Os valores propostos pelo governo Bolsonaro para 2020 são apenas simbólicos — se aprovado dessa forma, o orçamento aniquilará a capacidade do CNPq de fomentar a pesquisa científica no Brasil
*Por Herton Escobar
O orçamento do Conselho Nacional de Desenvolvimento Científico e Tecnológico (CNPq) destinado ao financiamento de atividades de pesquisa deve sofrer um corte de 87% em 2020, segundo a proposta de orçamento elaborada pelo governo federal e enviada ao Congresso na última sexta-feira, 30 de agosto. O valor previsto para atividades de “fomento” no orçamento da agência é de apenas R$ 16,5 milhões, contra os R$ 127 milhões neste ano — já considerado um valor largamente insuficiente para a manutenção das atividades mínimas de pesquisa científica no País.
Para se ter uma ideia, em anos anteriores, só a Chamada Universal do CNPq — um dos editais mais tradicionais e importantes da ciência brasileira — costumava distribuir R$ 200 milhões anualmente para centenas de projetos. E esse era apenas um dos muitos editais lançados pelo CNPq e outras agências de fomento para irrigar a produção de ciência e tecnologia em milhares de laboratórios em todo o País; vários dos quais já deixaram de ser lançados ou estão sendo pagos com atraso nos últimos anos, por falta de recursos.
Os R$ 16,5 milhões propostos para 2020, portanto, são apenas um valor simbólico — se aprovado dessa forma, o orçamento aniquilará a capacidade do CNPq de fomentar a pesquisa científica no Brasil, restando-lhe apenas a função de conceder bolsas. E, ainda assim, fica a dúvida: se as bolsas são para fazer pesquisa, mas os laboratórios não têm dinheiro para funcionar, onde esses bolsistas vão trabalhar? “Não adianta ter bolsas se os laboratórios estão paralisados”, como bem disse o presidente da Sociedade Brasileira para o Progresso da Ciência (SBPC), Ildeu de Castro Moreira, em entrevista ao Jornal da USP na semana passada.

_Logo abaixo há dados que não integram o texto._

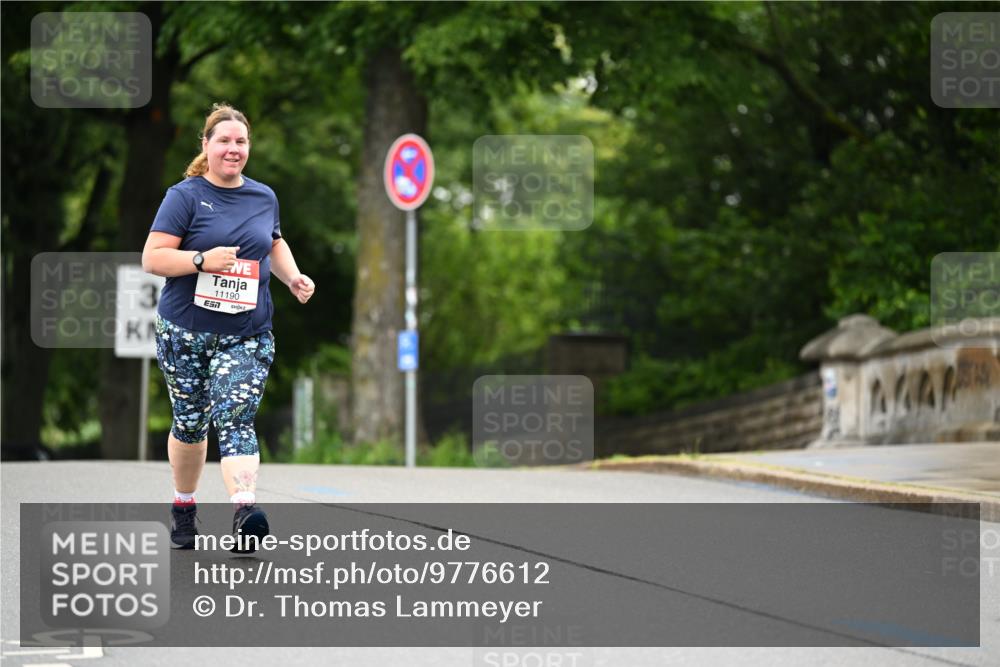 14.06.2026 - REWE Women's Run Dr. Thomas Lammeyer http://msf.ph/oto/9776612 14.06.2026 10:03:47 Laufen 3, 11190 meine-sportfotos.de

O orçamento proposto para bolsas do CNPq em 2020 é de R$ 962 milhões, o que representa um aumento de 22% em relação ao valor aprovado para este ano; mas continua abaixo do custo total anual da folha de pagamento de bolsas da agência, que é de aproximadamente R$ 1 bilhão. Basta ver que o montante deste ano, de R$ 785 milhões, só foi suficiente para pagar as bolsas até agosto, e o CNPq aguarda agora uma liberação emergencial de R$ 330 milhões para continuar pagando seus 84 mil bolsistas até o fim do ano.
As fatias do orçamento destinadas à cooperação internacional, divulgação científica e à manutenção administrativa do CNPq também deverão sofrer reduções drásticas em 2020 (veja tabela). O valor total do orçamento deve “crescer” pouco mais de 2% — abaixo da inflação prevista para 2019, de 3,65%. (Esse valor refere-se apenas às despesas chamadas discricionárias do órgão, não incluindo as despesas trabalhistas obrigatórias com salários, aposentadorias e benefícios).
O Projeto de Lei Orçamentária Anual (Ploa) 2020 está disponível aqui. O texto ainda precisa ser negociado e pode sofrer modificações.